Hunham doesn’t care, and doesn’t want to care. He’s close to Mary—they’ve been known to gossip over a shot or two of Jim Beam, and he excoriates one of the snobbier students who looks down on her as a servant. But as far as his students go, Hunham would really rather not get to know them as people. Until, somehow, something softens in him and he decides a road trip to Boston—undertaken in the guise of an educational museum jaunt—is just the ticket, and he learns exactly why Tully is so troubled.
The raw goods of The Holdovers are by themselves promising enough: who doesn’t love a crisp, cozy Christmas holiday in Boston, one during which closed-off human beings discover their true capacity to care for one another? Payne goes for all the right retro-touches: the young guys’ shaggy haircuts, the requisite Badfinger needledrop. He even opens the film with vintage Miramax and Focus Features logos.

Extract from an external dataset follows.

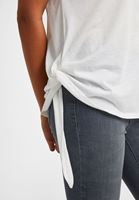 Bayan Krem Bağlama Detaylı Bot Yaka Tişört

But there’s always so much emotional calculation involved in an Alexander Payne film. It’s not just that characters are surprised to learn they have actual feelings; it’s that Payne is surprised too, as if he’s suddenly looked around and realized, Wow, people really do need people! Suddenly, the fog lifts—why, Payne isn’t a satirical curmudgeon after all, but a clear-eyed sentimentalist who truly understands the unruly beauty of human nature. Nearly every Payne movie follows this formula, with the exception, perhaps, of the odd but undismissable Downsizing, a futuristic science-fiction comedy-romance about humans (Matt Damon and Kristen Wiig) who avail themselves of new technology that miniaturizes them so they’ll use fewer resources. It’s the one picture most Payne fans dislike, but also the one in which he takes the most daring chances. (It also features an extraordinary performance by Hong Chau.)

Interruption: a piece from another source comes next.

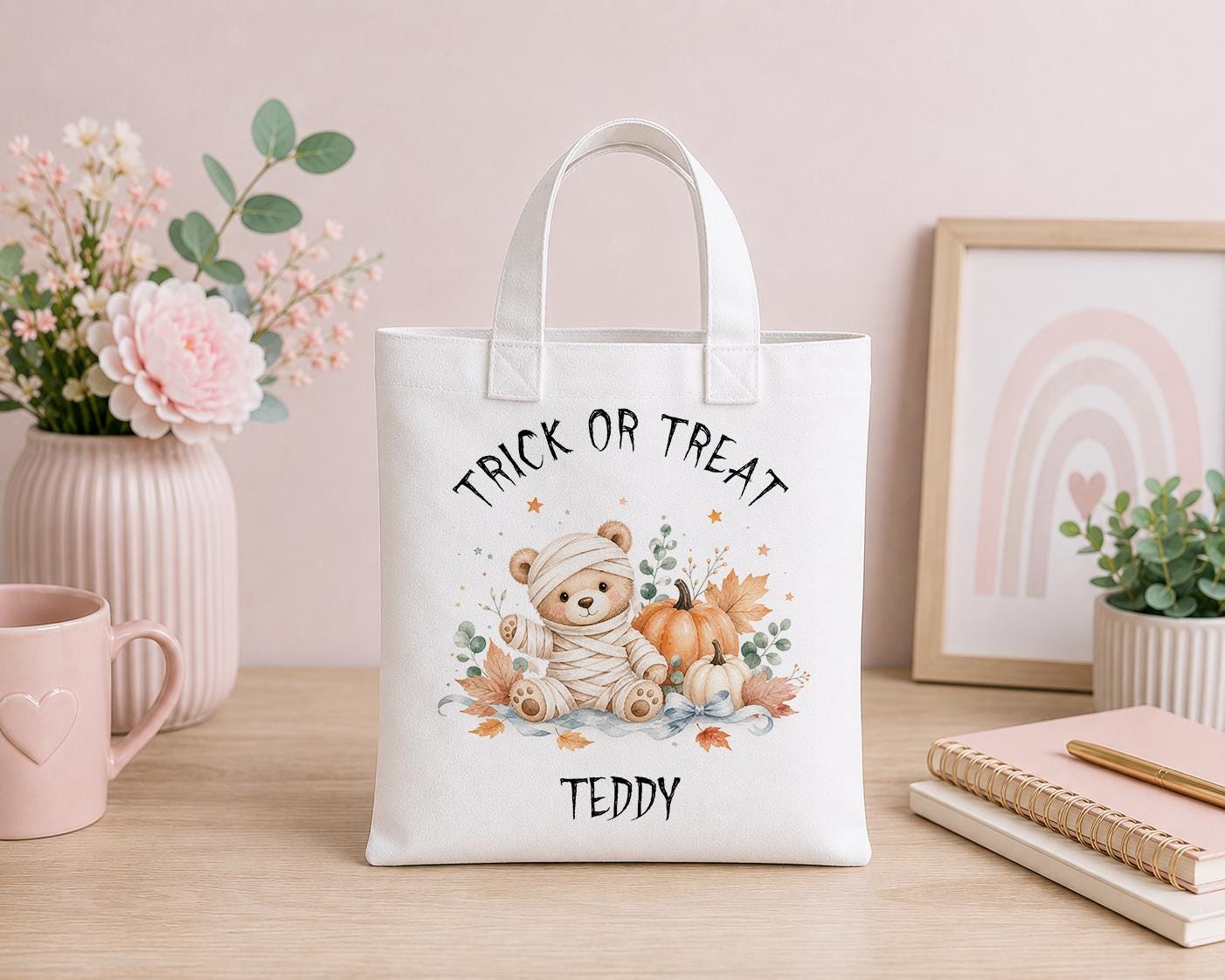 Personalised Halloween Trick or Treat Bag - Mummy Teddy Bear Tote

The Holdovers hasn’t challenged Payne in the same way, and there are moments of his usual sourness—the type of thing that his fans sometimes applaud him for, thinking of it as being edgy when it’s really just thoughtless. As Hunham browses with Tully through an outdoor book stall in Boston’s Combat Zone, an older sex worker propositions him. He rebuffs her more than once, assuring her, with his highly cultured diction, that he’s not in need of her services, though Tully urges him on, saying he should go for it if he wants. The point, maybe, is that our hearts are supposed to be warmed by the sight of a younger man telling an older, more repressed one that it’s OK to have a sex drive. The sex worker—disheveled, down on her luck—slinks away. She’s the pawn who’s been used to make the point, then summarily dismissed. Somehow, we’re supposed to feel good about all of it, as if we’ve just witnessed a Dickensian vignette of great human complexity.
The movie does have Giamatti going for it; he’s a wonderful actor, and he plays Hunham as one of those teachers who’s devoted to his specialty but has no idea how to link it to the real world. (In one of the movie’s finest scenes, set in Boston’s Museum of Fine Arts, he and Tully examine an ancient vase decorated with a copulating couple. “There’s nothing new in human experience,” he tells his young charge.) And Sessa, with his guarded eyes, walks a fine line: he’s just unpleasant enough to be believable, yet charming enough to be bearable. But any warmth The Holdovers gives off is the premeditated kind, like those heating packets you tuck into your mittens on cold days. They’re designed to do the job in the moment. But nothing beats a real fire.